Oui, bon, certes, à la relecture c’est un peu
Les phrases sont trop longues et tout se mélange. J’ai toujours eu un petit problème dans mes tentatives de synthèse…
Bon on reprend :
En gros, si la dénotation, c’est faire pointer une flèche symbolique vers un objet/concept de référence, on a trois éléments :
- L’objet qui dénote (en l’occurence le jeu, dans notre cas).
- L’objet de référence (disons “quelques siècles de l’histoire de Rome après la mort de Sylla”), qui est un fragment de réalité (dans notre exemple).
- La “flèche symbolique” : c’est-à-dire les éléments de sens qui se dégagent du jeu, et permettent au joueur d’atteindre intellectuellement l’objet de référence.
Ce que je dis, c’est que, dans la démonstration de Moz, la représentation ne peut pas être un “type de dénotation”. La représentation ne peut être que l’image de l’objet de référence que forme dans son esprit le joueur (le récepteur), une fois filtrée par les éléments de sens contenus par notre jeu et filtrée aussi par la propre subjectivité du joueur.
Dans le système de référence utilisé par Moz, il me semble donc que représentation et dénotation ne peuvent pas être situées à la même place sur un schéma de circulation du sens.
J’espère que je me fais mieux comprendre, parce que là, j’ai tout donné …
Xbug-pirate dit:Donc pour qualifier le jeu de représentation, il ne faut pas simplement qu'il dénote. C'est insuffisant.
Je n'ai jamais dit le contraire. S'il suffisait de dénoter une chose pour la représenter, alors les mots représenteraient les choses qu'ils dénotent. Or dans son usage courant un mot ne représente pas. J'ai dit que la représentation est une espèce particulière de dénotation. Je ne vois pas l'intérêt de rentrer plus avant dans les détails.
MOz dit: Je ne vois pas l'intérêt de rentrer plus avant dans les détails.
C'est bien le problème si tu veux mon avis.
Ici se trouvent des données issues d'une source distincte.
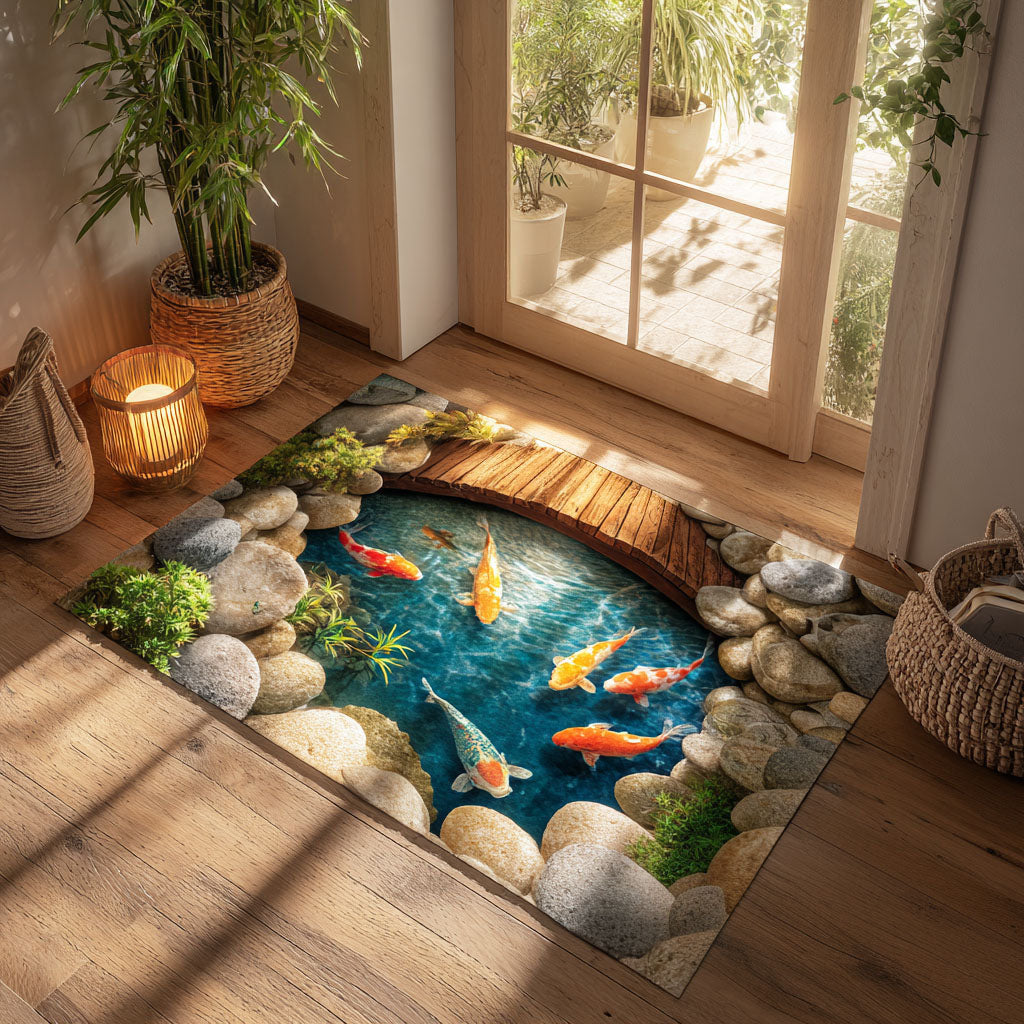 Koi Garden Doormat NCU0TD2546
Avant d'arrêter de m'intéresser d'une façon quelconque à ce HS total, je voudrais juste te résumer le truc :
Tu fais partir le débat avec les hexagones, derrière tu nous explique que les jeux représentent la réalité. On est pas forcément d'accord là dessus, et on t'expose un argumentaire et quelques contradictions dans ton discour. Tu expliques qu'on ne te comprends pas et détaillant longuement ce que tu ne voulais pas dire (puisqu'on te comprends décidément bien mal), mais sans pour autant exposer ce que tu voulais dire. Enfin si : tu nous balance une phrase qui veut tout dire et rien à la fois, et qui "résume" tellement ta position de façon indiscutable, qu'il est inutile de la détailler (dommage parce que c'est pas sûr que quelqu'un ait compris)...
A mon avis on ne peut pas débattre avec quelqu'un qui ne veut pas risquer d'avancer vraiment ses idées dès qu'il a des contradicteurs, donc sur ce coup je te laisse philosopher. Sans rancune cela dit...
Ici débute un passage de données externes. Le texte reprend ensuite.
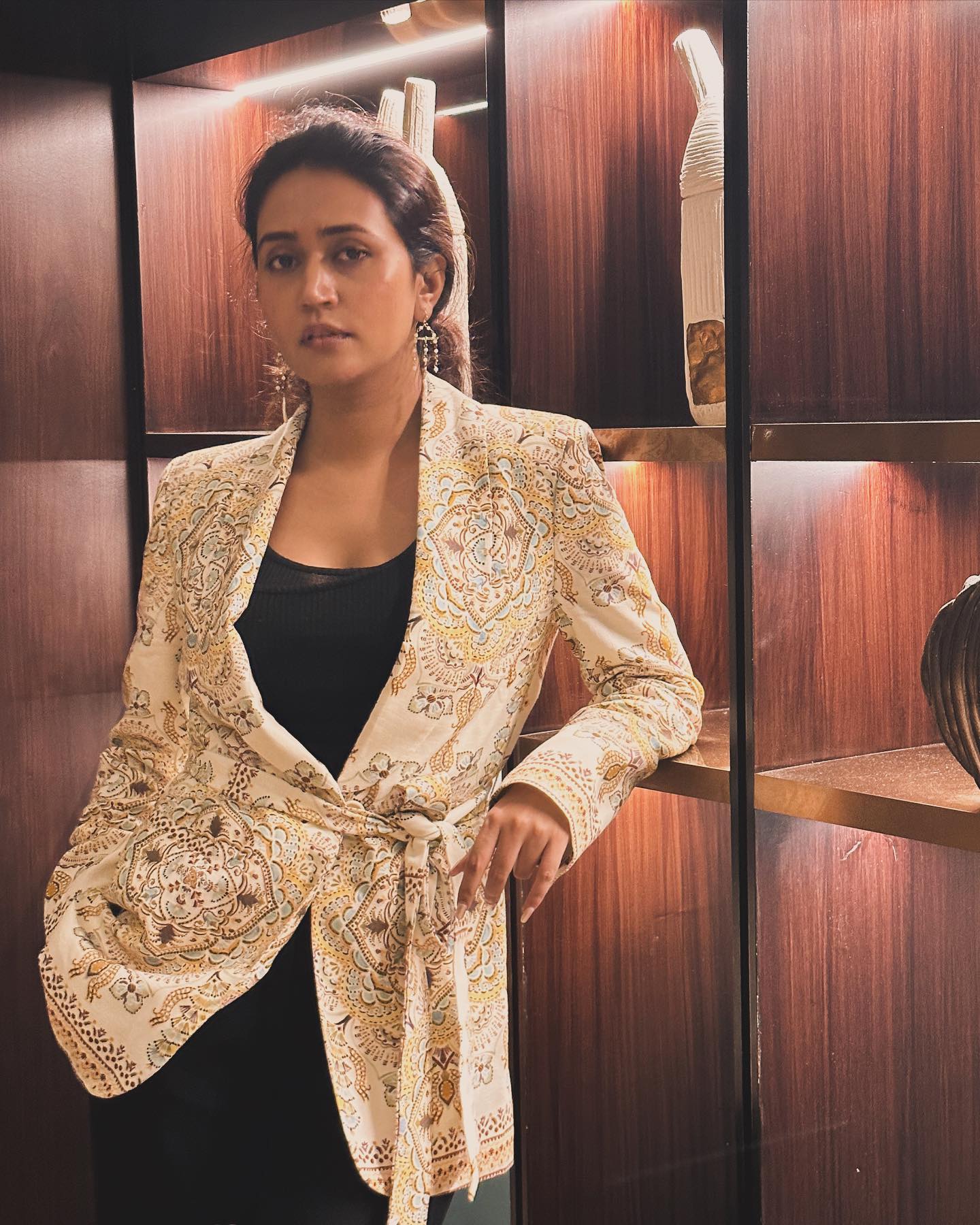 Saanvikaa Glamorous Photos- ‘Panchayat’ Fame...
A moins qu’un long débat théorique sur la nature de la représentation en général t’intéresse, je pense avoir suffisamment préciser ma vision des choses. Je ne crois pas que cela soit si flou que cela. Si on rentre dans les détails, il va falloir que j’aborde des notions très complexes comme la densité syntaxique, la densité sémantique et la saturation syntaxique. On va perdre tout le monde et tous ces développements seront classés dans la catégorie “branlette intellectuelle complètement vaine”. Cela me parait d’autant plus inutile qu’on est déjà bien loin du “problème” initial.
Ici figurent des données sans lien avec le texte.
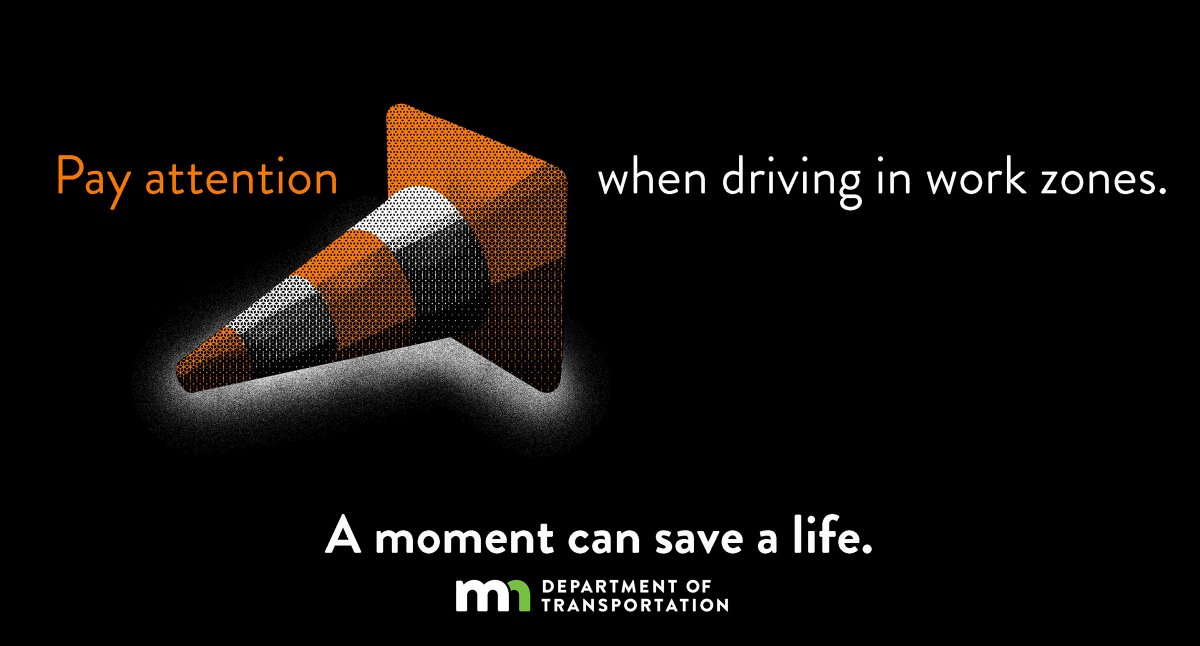 It’s National Work Zone Awareness Week. Let's all do our part to make work zones safer: slow down, pay attention and plan ahead. Learn more about work zone safety: bit.ly/3xvcjOr #NWZAW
il n’y a pas d’abstraction en soi : une peinture aussi figurative soit elle n’est jamais qu’une juxtaposition de taches de couleurs concrêtes (ie abstraites). Ce qui fait la représentation/ figuration / dénotation / whatever, c’est l’adéquation entre une certaine concrétude abstraite et ce qu’elle représente figure dénote. Chaque mot d’une langue est pure contingence, la signification découle de la cohérence logique du lexique et de la grammaire.
Ce qui vous oppose, ce sont deux postulats de figuration de l’espace : l’un envisagé en tant que distance (les hexagones) et l’autre en tant que territoire (les frontières).